## TASK DIRECTIONS
In the records below, find the line with "Черный БИД Song", then copy each line exactly until you have copied the line with "Free solid color wallpaper". Leave any picture out.

## DATA TO USE
---*---
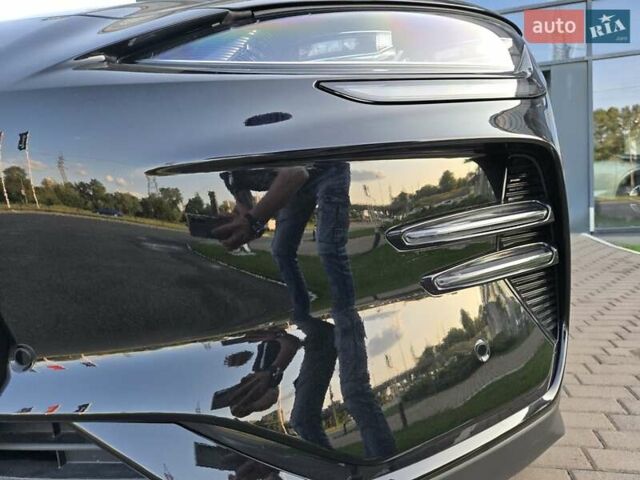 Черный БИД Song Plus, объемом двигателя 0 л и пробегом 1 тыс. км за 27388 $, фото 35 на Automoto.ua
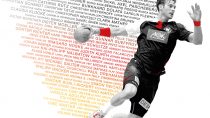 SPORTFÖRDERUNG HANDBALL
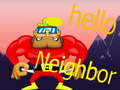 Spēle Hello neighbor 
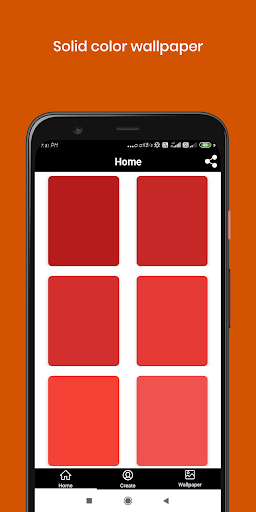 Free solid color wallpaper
---*---
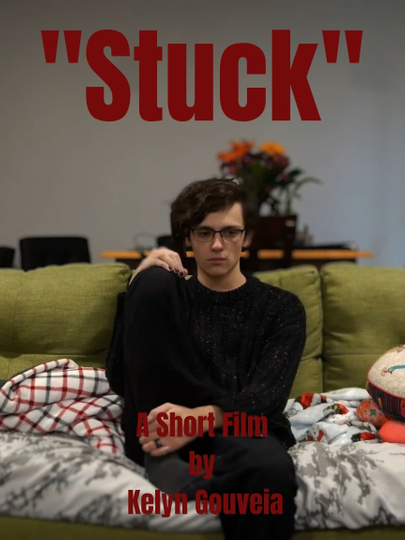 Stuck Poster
---*---
## RESPONSE
 Черный БИД Song Plus, объемом двигателя 0 л и пробегом 1 тыс. км за 27388 $, фото 35 на Automoto.ua
 SPORTFÖRDERUNG HANDBALL
 Spēle Hello neighbor 
 Free solid color wallpaper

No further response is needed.